Oleh : Achmad Tshofawie; Kordinator Ecofitrah, Keluarga ICMI dan FKPPI
REPUBLIKA.CO.ID, JAKARTA -- Frasa “natural resources” pertama kali dipopulerkan pada akhir abad ke-18 hingga awal abad ke-19, dalam konteks ekonomi politik klasik, terutama oleh pemikir seperti Adam Smith, Thomas Malthus, dan David Ricardo.
Namun, pencetus sistematis pertama yang memakai dan menormalisasi istilah itu secara luas adalah George Perkins Marsh (1801–1882),seorang diplomat, ekolog awal, dan penulis buku "Man and Nature" (1864).
Tidak ada kode iklan yang tersedia.
Frasa “natural resources” (sumber daya alam) adalah kata yang kehilangan jiwa. Begitu kita menyebut sungai sebagai ‘sumber daya’, kita sedang menyiapkannya untuk dieksploitasi.
Bahasa menentukan moralitas.Jika sungai adalah “resource”, maka manusia adalah “user”. Tapi jika sungai adalah “being” (makhluk hidup), maka manusia adalah “neighbor” atau “guardian”.
Jika kita kesulitan membayangkan sungai sebagai “hidup”, maka lihatlah apa yang terjadi saat sungai “mati” (ikan terapung, aliran kering, ekosistem runtuh).
Dengan menganggap sungai sebagai “yang hidup”, maka relasi manusia-alam bergeser: dari penguasa/pengguna menjadi peserta, mitra, bahkan bagian dari aliran.
Dalam Alquran; bumi, air, dan gunung tidak pernah disebut “resources”, melainkan ayat -- tanda-tanda Allah (QS Fussilat:10, QS Al-Mu’minun:18–19).
Jadi, dalam pandangan Qurani, istilah “natural resources” justru merupakan penyimpangan semantik dari konsep amanah dan ayat-kauniyah.
Jika kita menolak istilah “natural resources” karena mereduksi alam menjadi stok material, maka secara epistemologis dan etis, istilah “human resources” (SDM) juga layak dikoreksi, bahkan dalam pandangan Qurani bisa dikategorikan sebagai penghinaan halus terhadap martabat insan.
Asal-usul Istilah “Human Resources”
Istilah ini lahir pada awal abad ke-20, dalam konteks Taylorisme dan manajemen industri.
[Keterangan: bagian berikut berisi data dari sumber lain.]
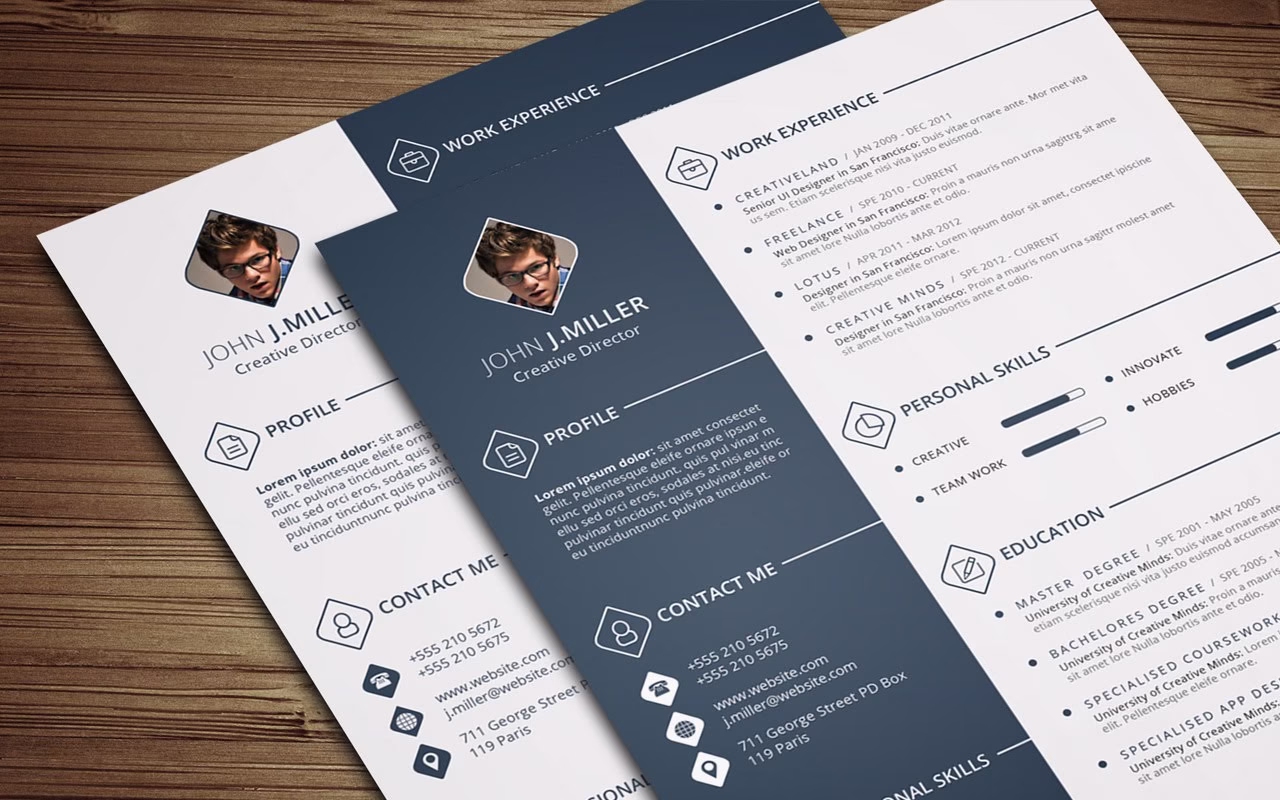 Cara Membuat Cv Dalam Bahasa Inggris Yang Menarik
Pertama kali dipopulerkan oleh John R Commons dalam karya “The Distribution of Wealth” (1893),lalu semakin mapan lewat E Weight Bakke (1940-an) dan Peter Drucker (1950-an).
Tujuannya: menata manusia di pabrik dan perusahaan sebagai komponen produktif setara mesin, modal, dan bahan baku. Maka lahirlah frasa yang hingga kini kita dengar setiap hari:“Mengelola sumber daya manusia.” (Seolah manusia adalah bahan bakar pabrik ekonomi.)
Mengapa Istilah Ini Bermasalah?
Secara bahasa dan filsafat, “resources” berarti sesuatu yang dapat dipakai, habis, dan diganti. Maka, human resources secara implisit menempatkan manusia dalam posisi:
instrumen ekonomi, bukan tujuan;
komponen sistem, bukan subjek moral.
Konsekuensinya serius. Nilai manusia diukur dari produktivitas, bukan pengabdian atau niat. Martabat manusia direduksi menjadi kapital kerja. Lahir budaya korporat yang efisien tapi kehilangan ruh, karena manusia hanya dianggap “tenaga”, bukan “amanah”.
Perspektif Qurani dan Fitrah
Dalam Alquran, tidak pernah manusia disebut resource. Sebaliknya, Allah menegaskan, “Dan sungguh Kami telah memuliakan anak-anak Adam…” (QS Al-Isra’: 70)
Manusia bukan resource, tapi makhluk yang dimuliakan dan diamanahi,bukan untuk “digunakan”, tapi untuk “menjadi”. Manusia adalah ‘abdullah (hamba Allah) dan khalifah fil ardh (pemakmur bumi), bukan unit produksi.
Jadi kalau natural resources menurunkan nilai bumi,maka human resources menurunkan nilai manusia.